[What to produce]: Set the material down again exactly, line by line, skipping each picture.

[Dataset extract]:
____
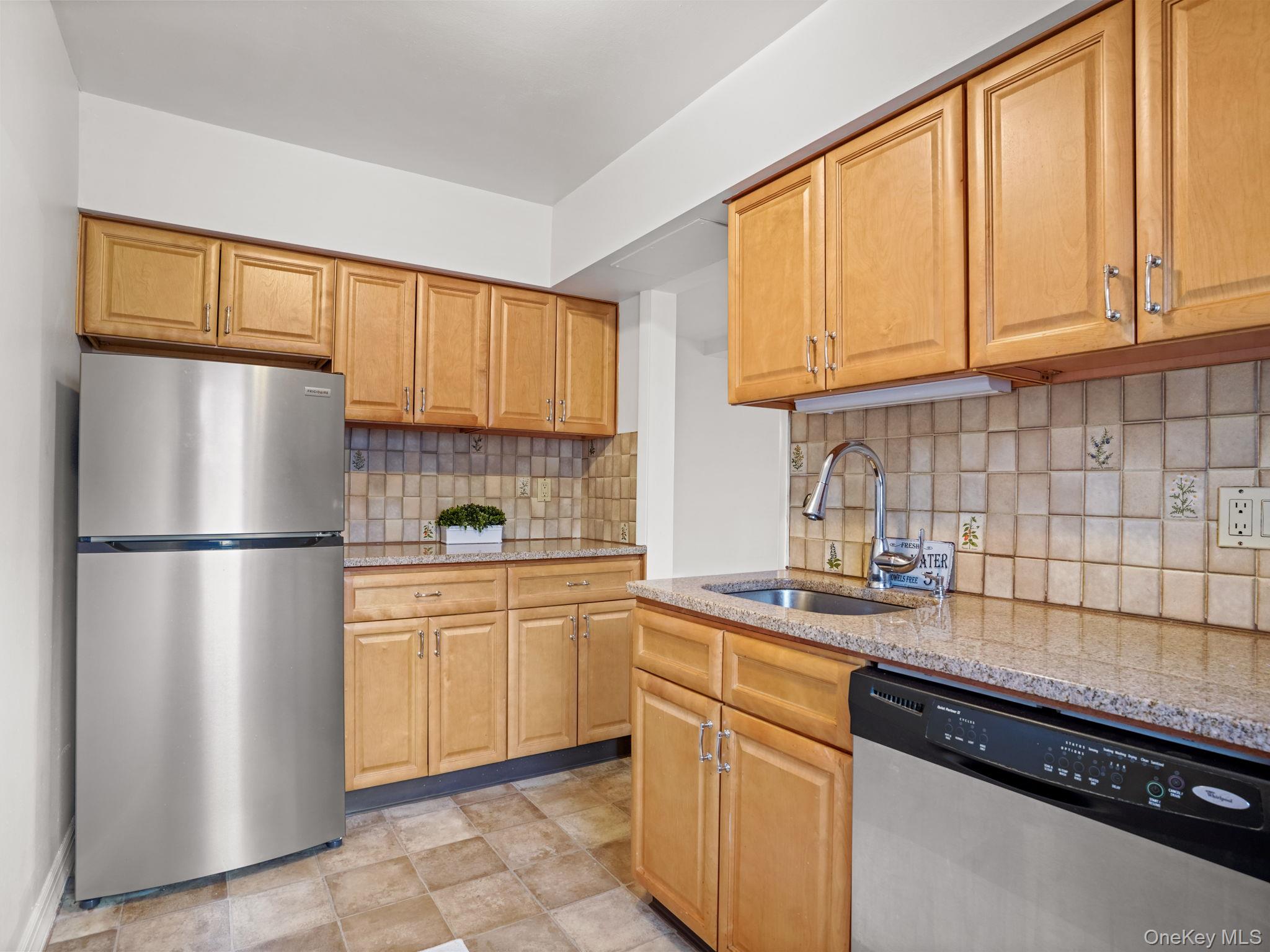 #5 photo, 15 Bedford Road, Pleasantville , NY 10570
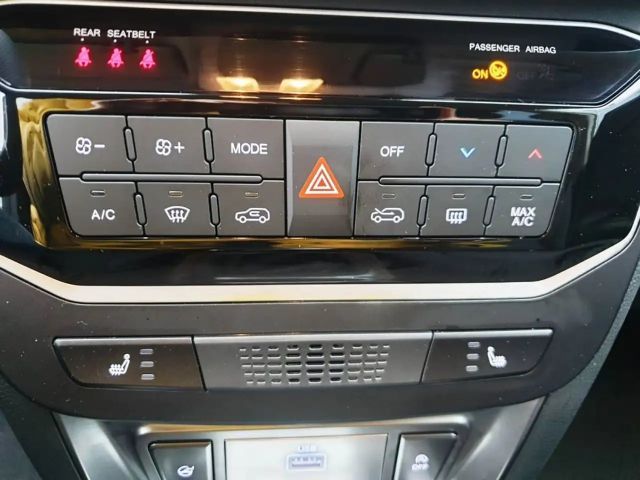 SsangYong Tivoli 2WD Quartz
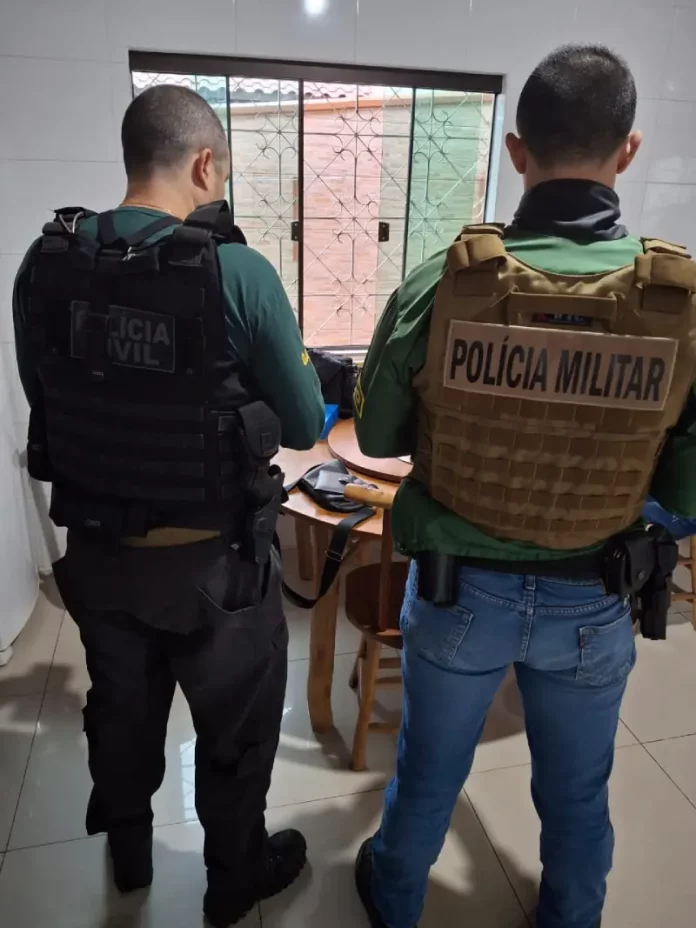 Foto mostra agentes do GAECO cumprindo mandados durante a Operação Vox Mortis em endereços ligados aos investigados.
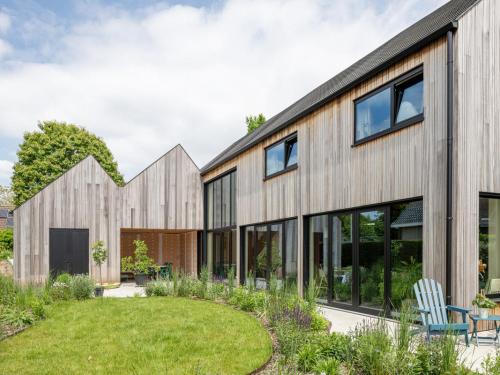 De woning werd ontworpen in een L-vorm.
____
[Answer section]:
 #5 photo, 15 Bedford Road, Pleasantville , NY 10570
 SsangYong Tivoli 2WD Quartz
 Foto mostra agentes do GAECO cumprindo mandados durante a Operação Vox Mortis em endereços ligados aos investigados.
 De woning werd ontworpen in een L-vorm.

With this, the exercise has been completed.